Zen and The Art of Enlightenment

January 5, 2008 at 3:35 am (Movies)

I still haven’t divested myself from Winter’s nostalgia, and nothing can really bring meaningful glances into space or a warmed mind and heart like this film.

I ♥ Huckabees

This is one of those movies that legitimately influenced me. Not my writing, not my taste, but my person, my self. Let me explain. (because talking when no one listens is crazily ranting. Blogging does not require the permission of an audience. Most of the time.)

It has a nice cover on its DVD, too

In the movie, Albert Markovski feels a need for a personal change. He seeks out the help of existential detectives, who then present to him a sugar coated philosophy of human interconnectivity.

Another character is shown as advancing through the curriculum of the existential detectives (I love the idea of existential detectives. Finally, authors and mythologists receive commissions!), but he has progressed to nihilism and depression to the dismay of his existential detectives, to the thought of everyone as completely separate beings without any interpendance at all. He’s past the sugar coated philosophy of Dustin Hoffman (with whom my dad is said to share a striking resemblance).

There is a clear attempt at a dichotomy going on here. There’s the interdependence of man thought, and there’s the noninterdependence of man thought. There’s the optimistic individual undergoing a personal transformation, and there’s the pessimistic. Both sides of the spectrum are represented here, and it’s needless to say that even more contrasts arise in the movie.

That isn’t all that there is in the movie, though. There’s also Jude Law’s character, Brad Stand, who’s a successful businessman. This is someone without any need for the inner turmoil prompting the commissioning of existential detectives. He is the hopeful product of the existential detective service.

But he isn’t. Halfway through the film, he undergoes a similar event necessitating self conscious. I wasn’t being myself, he shouts when an explanation for his actions is demanded. How am I not myself?, the two detectives respond. How is he not himself?
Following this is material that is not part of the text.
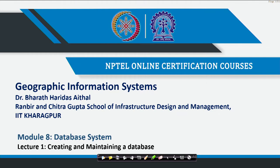Hello, Namaste. Welcome back to the course on Geographic Information Systems. Now let us see module 8 - I will continue database systems. This module is specifically designed for everyone to understand how to create, maintain, edit and use a database, what are the different types of databases, how querying can be done, and certain common issues that have to be addressed when creating a database.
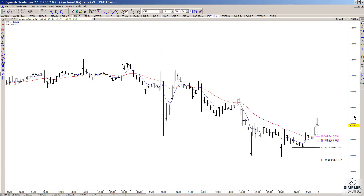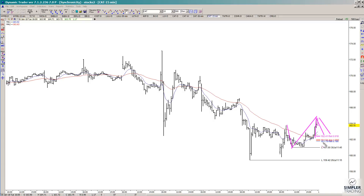If you weren't yet triggered into it and wanted to look at another possible entry, you can look at the pullback. The pullback is set up by running the retracement of the prior low-to-high swing and then 100% of this prior decline. So another area to potentially enter, if you're not already in it, is this 161.79 to 162.41 area.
Later, he learns that he actually was himself, despite his carefully established identity (he owns a business based on his image, which would absolutely crumble if that was his actual self: the maintenance of his identity has much more at stake).

This is no dichotomy, I thought, it’s the solution to the biramous dilemmas plaguing intelligent, self-conscious individuals. It’s a triangle! We’re seeing a person as the product of two opposing identities, and not having to conform to either, of forging a new, individual self out of two ideas. Of creating a new identity in the middle of two points, thrown as far away as possible from the projected individual’s philosophy to steer him away from completely espousing only one philosophy. A man doesn’t have to operate from either spectrum, but it’s even worse than that: he can’t be on either opposing philosophical end, because they’re both so extreme!

This was a moment of sartori for me at the time. It revealed all dichotomies as false: They’re always triptychs where the third image is forged throughout a man’s life! Dichotomies are a poor man’s lotto, where a self can hopefully fit into an extreme!

There’s a beautiful scene in the film illustrating this. The dismayed, pessimistic client of the existential detectives talks with Dustin Hoffman‘s character about reality. You can never really touch anyone else, he says, because atoms of air will always separate you, he says. But even deeper, down past those atoms, are protons, electrons, and neutrons, able to touch the next person’s atom. But even deeper past those are even smaller quarks dividing you and the person next to you. But even deeper still…

You can either believe that you’re touching the person next to you, or you can believe that you aren’t: both statements are wrong, both are correct, depending on your proof.

The characters in the story come to the same revelation at the end, that neither philosophy is inherently correct and the other wrong, and that they belong to neither. The existential detectives shouldn’t be unhappy that the pessimistic philosophy was found, that’s how the interdependence theory was fortified, I thought, by proving that both exist. And who wants to be sad instead of happy?

Also, unknown to me when I saw it first, the movie instantly shows the loss of the ego, of losing the doors of perception at this point. Both stringent philosophies (and, thus, all philosophies in general, because the mind changes) are wrong and correct, depending on where and how you look.

Then at the end, the philosopher with the pessimistic viewpoint shows up and talks amiably with the existential detectives during the big denouement! Those sly dogs, they planned all this! And the movie, it deals with the same themes of soul searching just like the existential detectives, as presenting soul searching as incredibly necessary, then horribly misinformed, and then with a respect for the ritual. There’s a scene of pure pleasure, of a character having sex, but all we see is the mud around him and his slowly moving pelvis, and all we hear is cheesy music. It even goes through the character arcs in a routine and indulgences in a didactic tone often. As if the directors themselves were used to how these people act and what they need.

Those sly dogs, they planned this all along! And I really feel like they did, but it doesn’t really matter. Deeper down than intent, there’s the actual effect which the movie produces. And the directors would be chatting amiably with the conservative businessman with no time for the thoughts of an effete man during my denouement if my life was a movie, regardless.

I don’t know, I’m just trying to say that I really am touching the person next to me. This movie taught me that, quarks be damned!